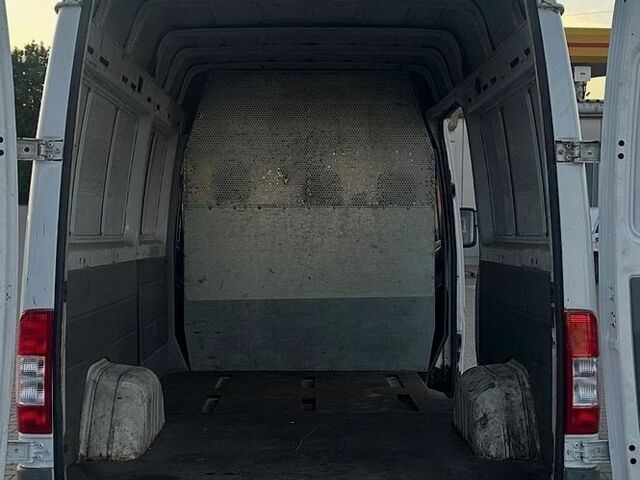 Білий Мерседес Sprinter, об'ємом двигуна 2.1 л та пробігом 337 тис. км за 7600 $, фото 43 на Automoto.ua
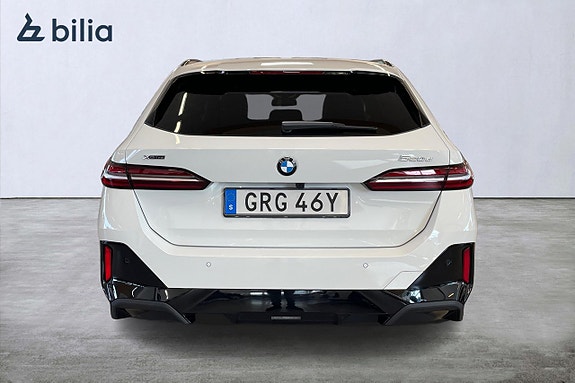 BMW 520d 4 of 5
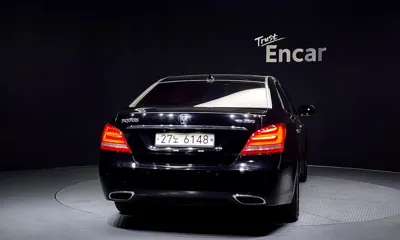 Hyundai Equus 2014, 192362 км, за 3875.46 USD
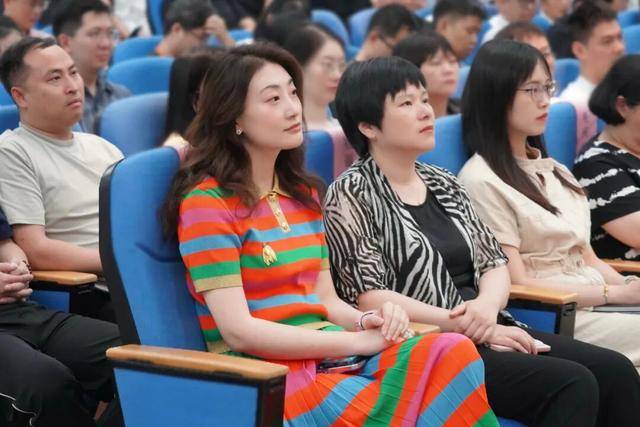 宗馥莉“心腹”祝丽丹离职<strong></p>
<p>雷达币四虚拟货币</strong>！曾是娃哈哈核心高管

##############################

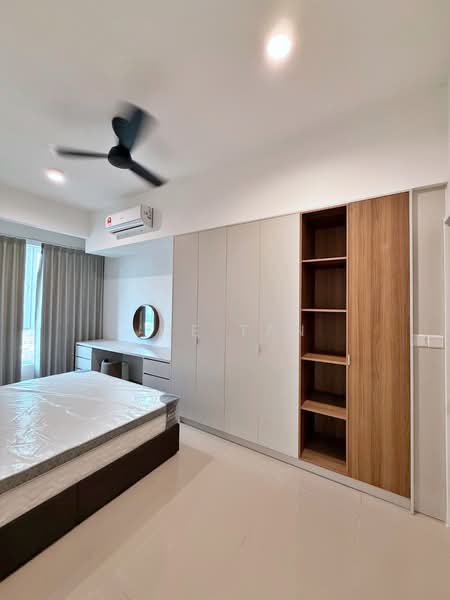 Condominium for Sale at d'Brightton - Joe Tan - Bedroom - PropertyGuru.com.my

##############################

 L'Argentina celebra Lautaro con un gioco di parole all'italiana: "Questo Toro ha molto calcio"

##############################

▸ Exercise prompt
Give exactly the lines above that run from the line with "BMW 520d 4 of 5" to the line with "<p>雷达币四虚拟货币</strong>！曾是娃哈哈核心高管", both included, leaving every picture out.

▸ Task solution
 BMW 520d 4 of 5
 Hyundai Equus 2014, 192362 км, за 3875.46 USD
 宗馥莉“心腹”祝丽丹离职<strong></p>
<p>雷达币四虚拟货币</strong>！曾是娃哈哈核心高管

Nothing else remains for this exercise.